### Task item
In the data below, restate exactly the lines from the one with "Glavna slika -Prodaja" to the final line, both included, but not the pictures.

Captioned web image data
>>>
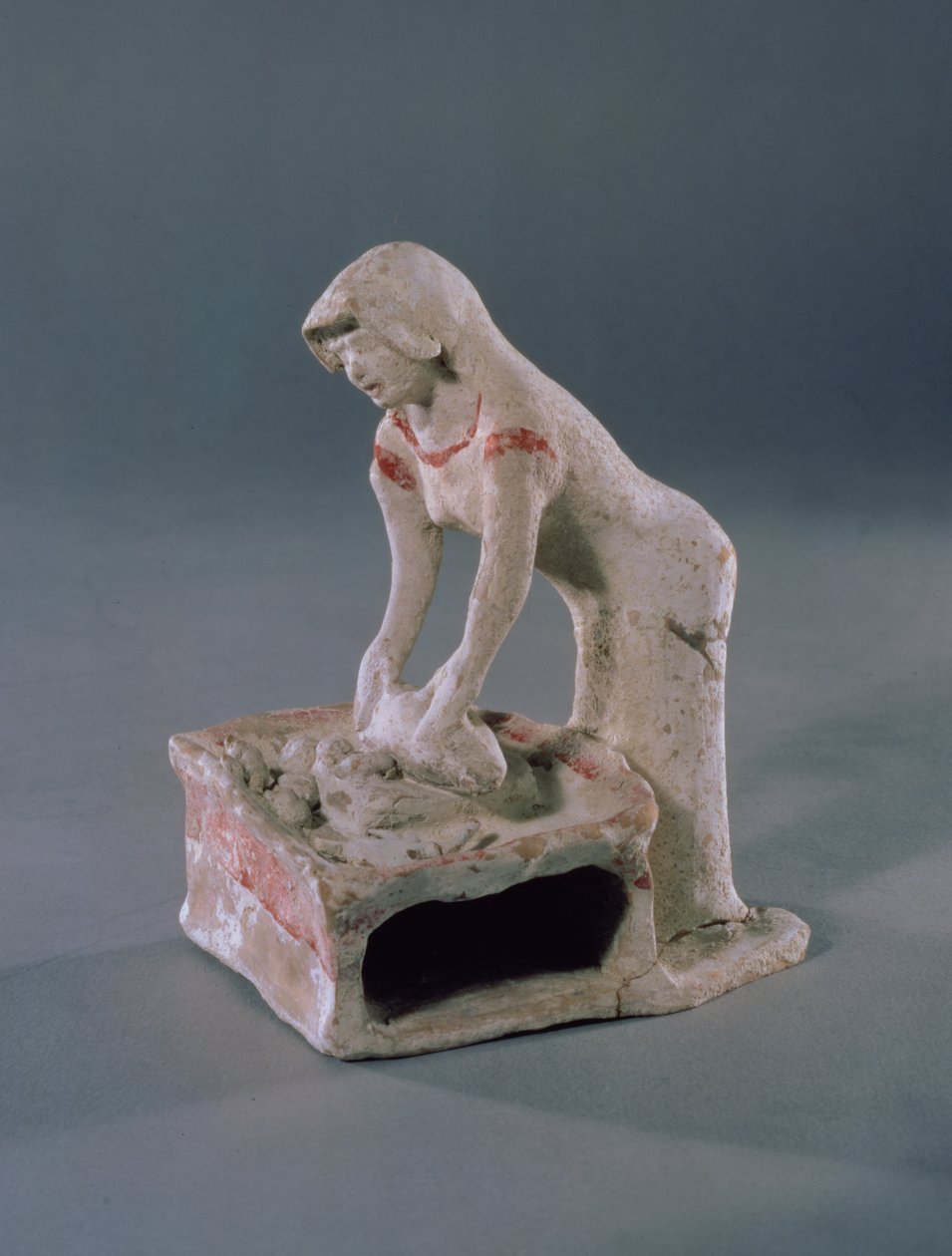 Mujer amasando pan sobre una losa cuadrada, griega, de Aulis, c.500-475 a.C. de Unbekannt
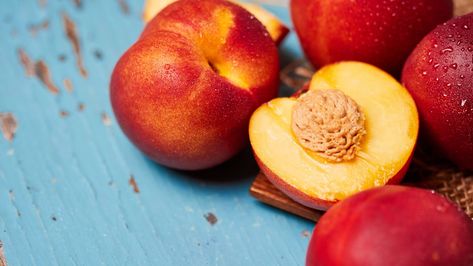 Can You Freeze Nectarines, Freezing Fresh Nectarines, How To Freeze Fresh Nectarines, How To Freeze Nectarines, Frozen Nectarine Recipes, Freezing Nectarines, Nectarine Dessert, Nectarine Cobbler, Nectarine Recipes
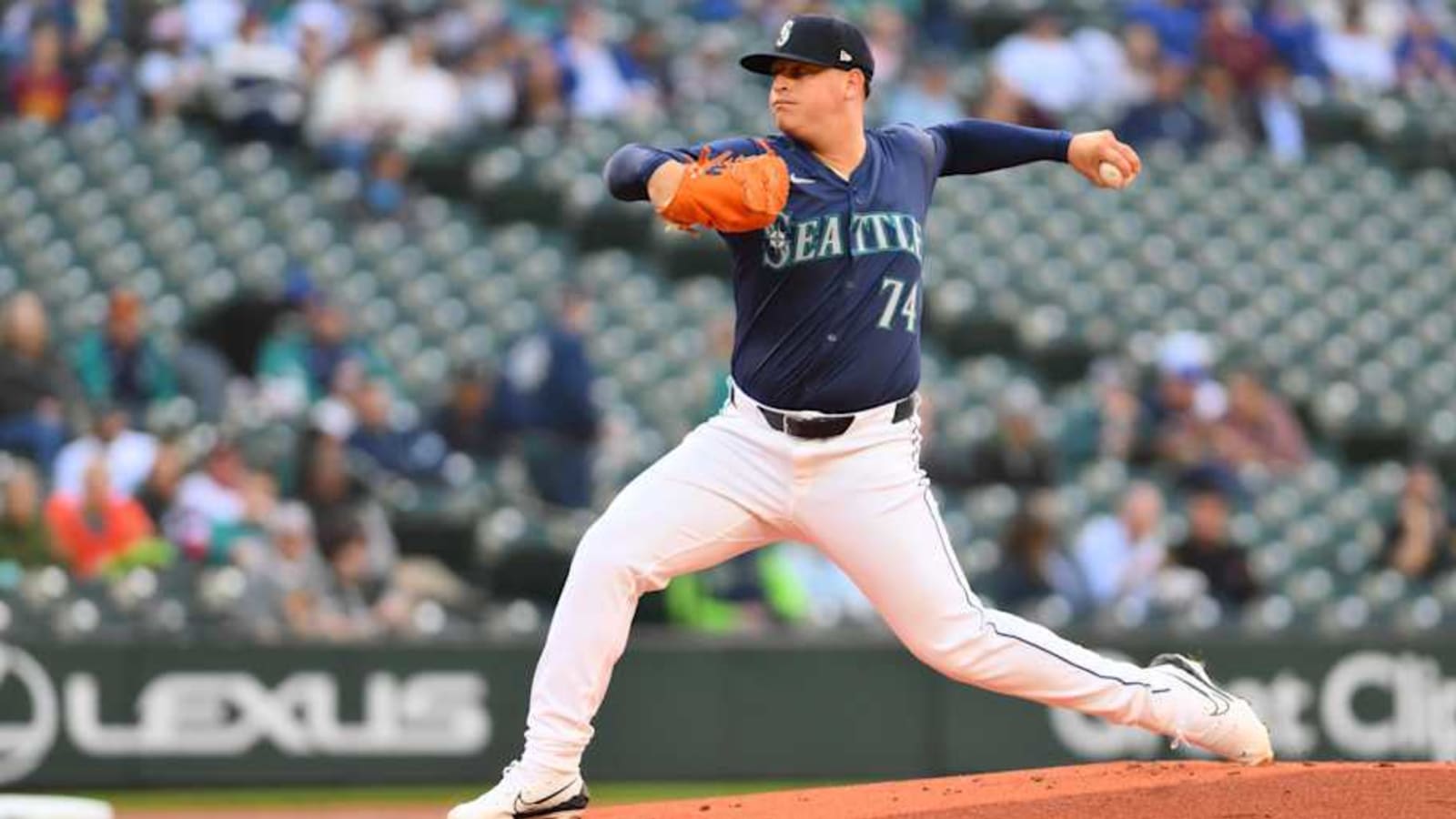 Left-Handed Reliever Jhonathan Diaz Returns to Seattle Mariners on Minor League Deal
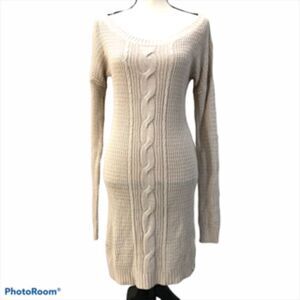 Roxy Bodycon Long Sleeved  Sweater Dress. Size L.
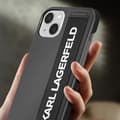 Miniatyrbild 3 av 4: Fodral till iPhone 13 Stötsäker med elastisk rem Karl Lagerfeld Svart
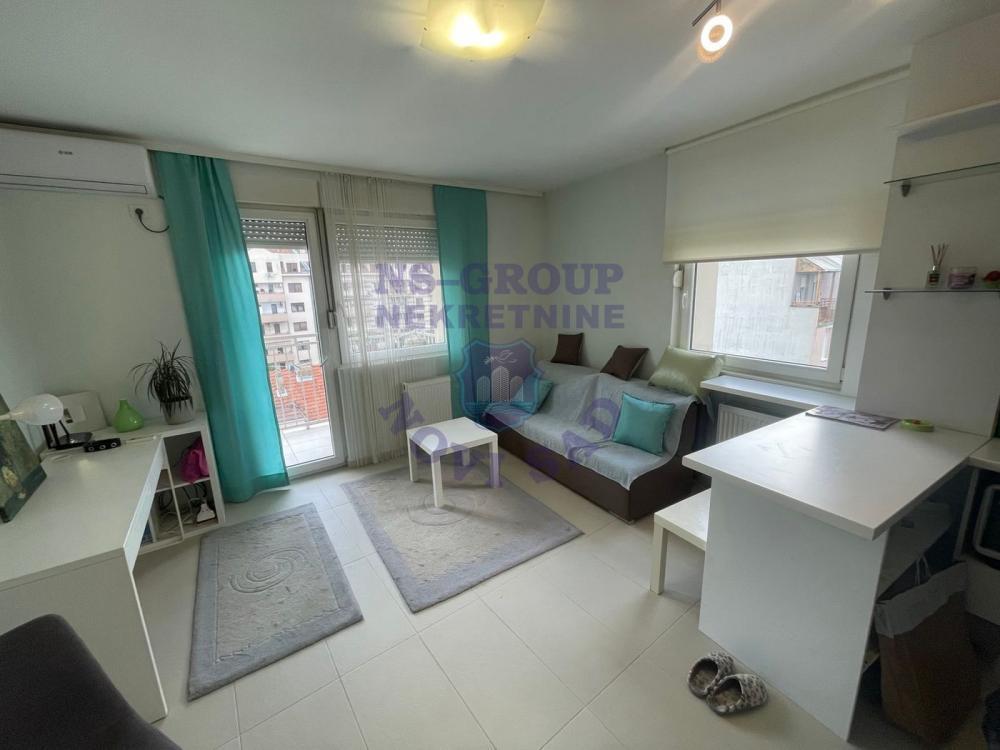 Glavna slika -Prodaja stana, 30m2, Grbavica Novi Sad
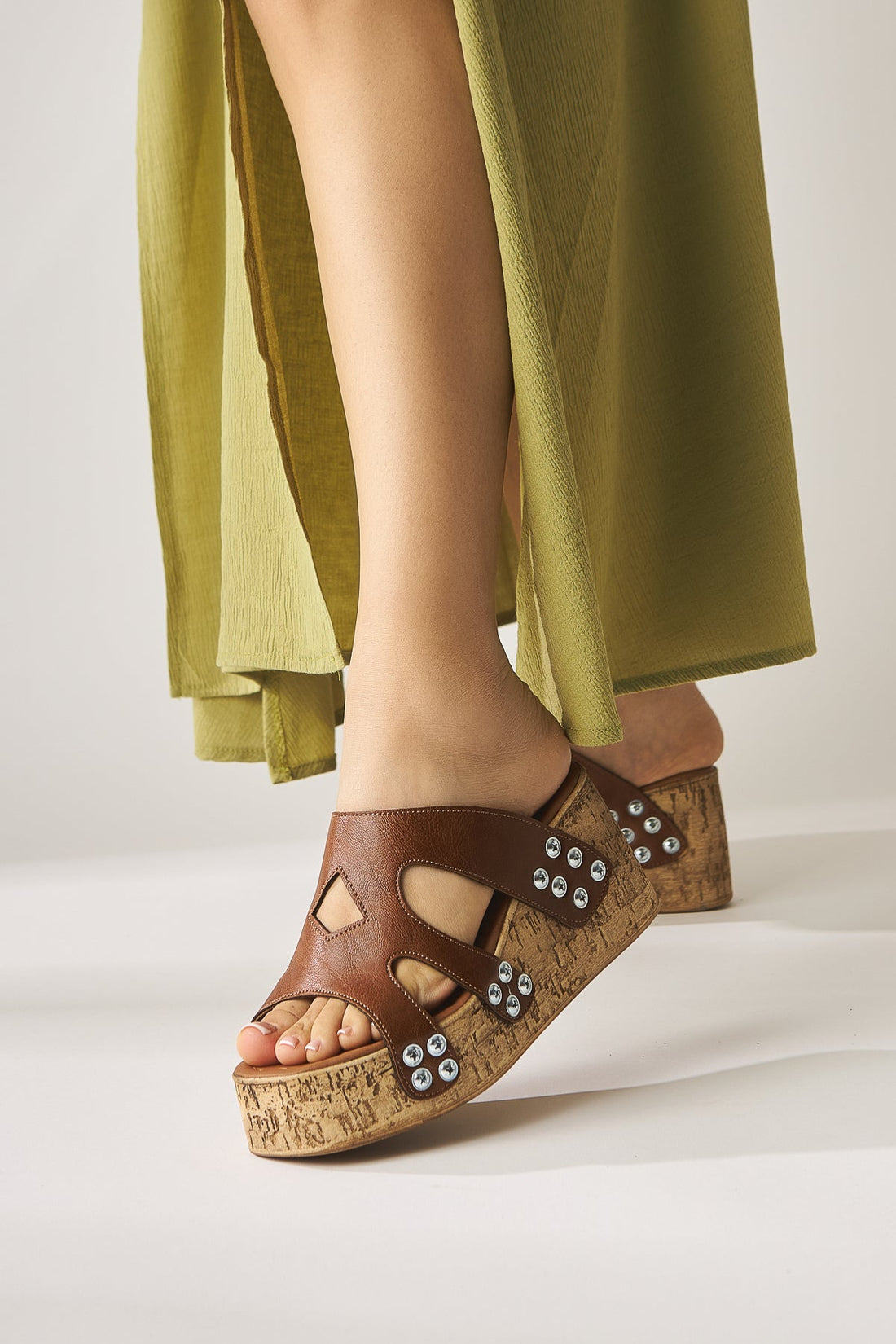 Freya Taba Women's Slipper with Vida Details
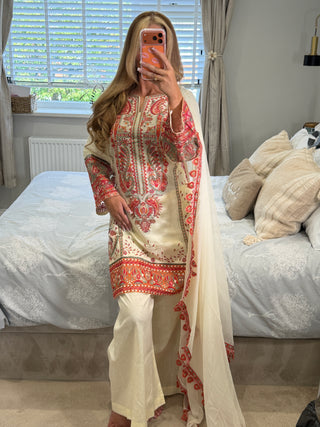 Elara White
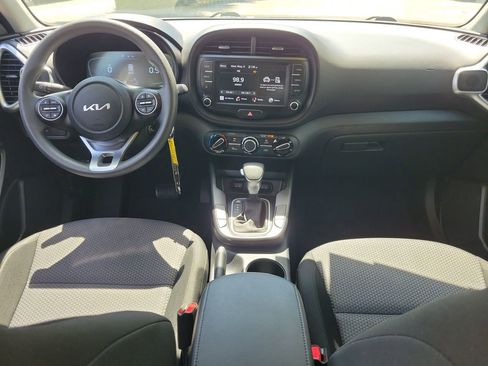 Used 2025 Kia Soul LX w/ LX Technology Package FWD image 11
<<<
### Your response
 Glavna slika -Prodaja stana, 30m2, Grbavica Novi Sad
 Freya Taba Women's Slipper with Vida Details
 Elara White
 Used 2025 Kia Soul LX w/ LX Technology Package FWD image 11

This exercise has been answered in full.